**BRIEF**
Only the lines from the one with "Vorschau Bild von" through the final line below belong in the answer, copied exactly and without pictures.

**THE DATA**
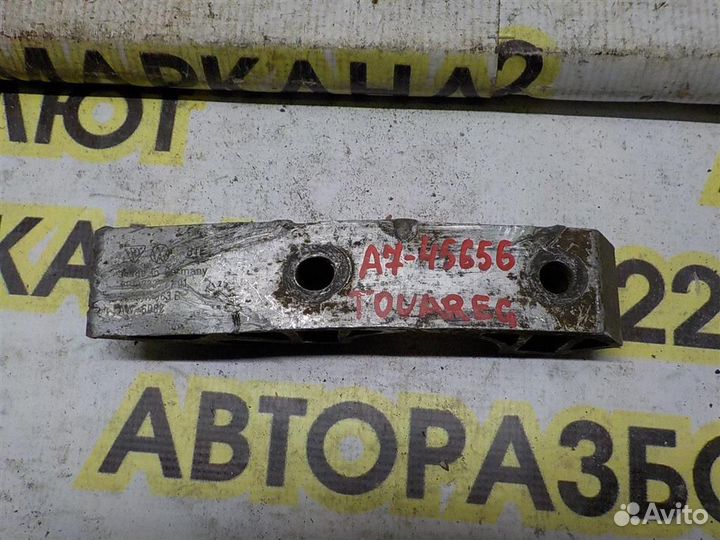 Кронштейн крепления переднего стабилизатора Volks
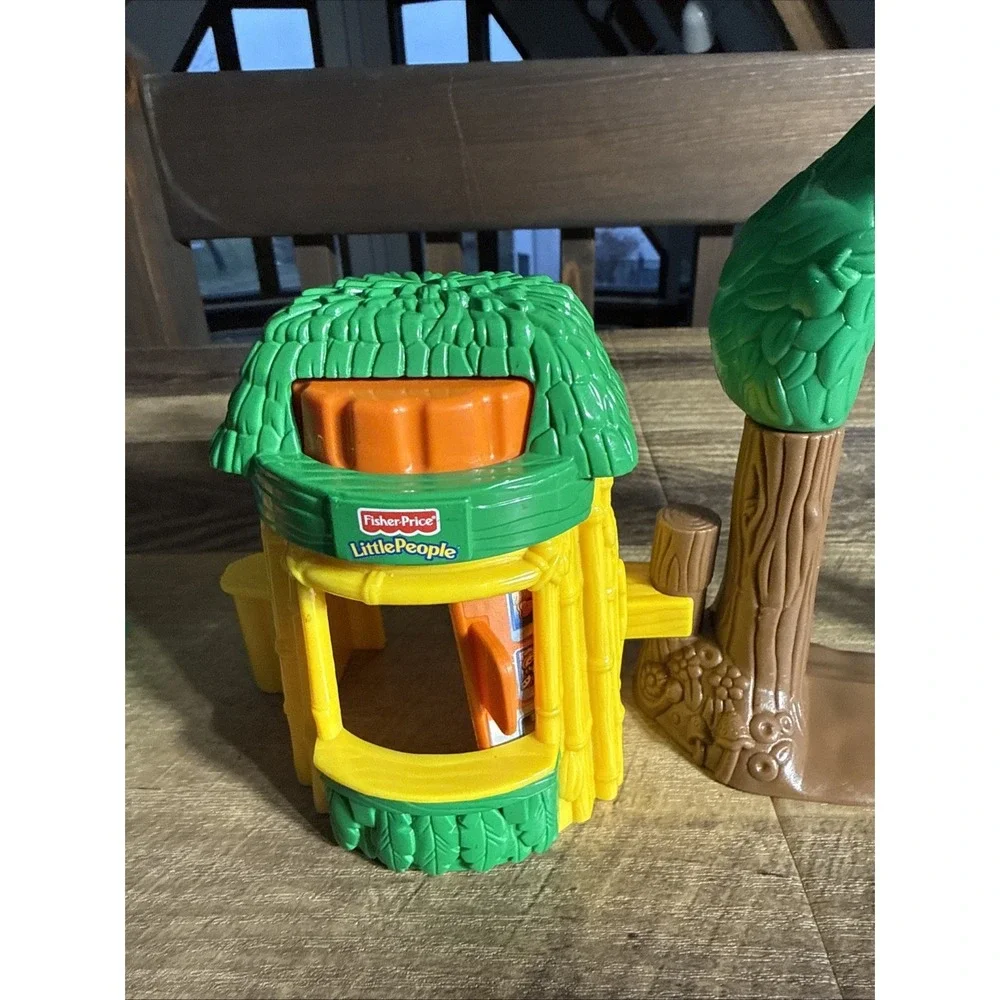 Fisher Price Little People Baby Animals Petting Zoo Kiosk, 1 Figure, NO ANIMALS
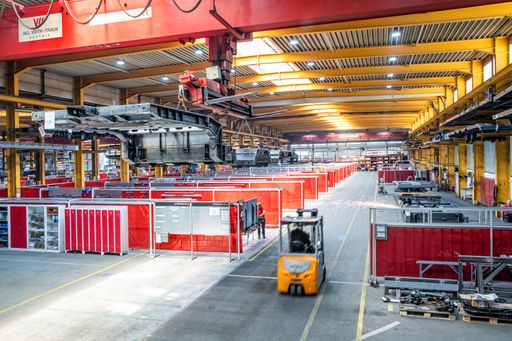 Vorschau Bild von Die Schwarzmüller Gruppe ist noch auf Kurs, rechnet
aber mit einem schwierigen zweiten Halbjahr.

**ANSWER SPACE**
 Vorschau Bild von Die Schwarzmüller Gruppe ist noch auf Kurs, rechnet
aber mit einem schwierigen zweiten Halbjahr.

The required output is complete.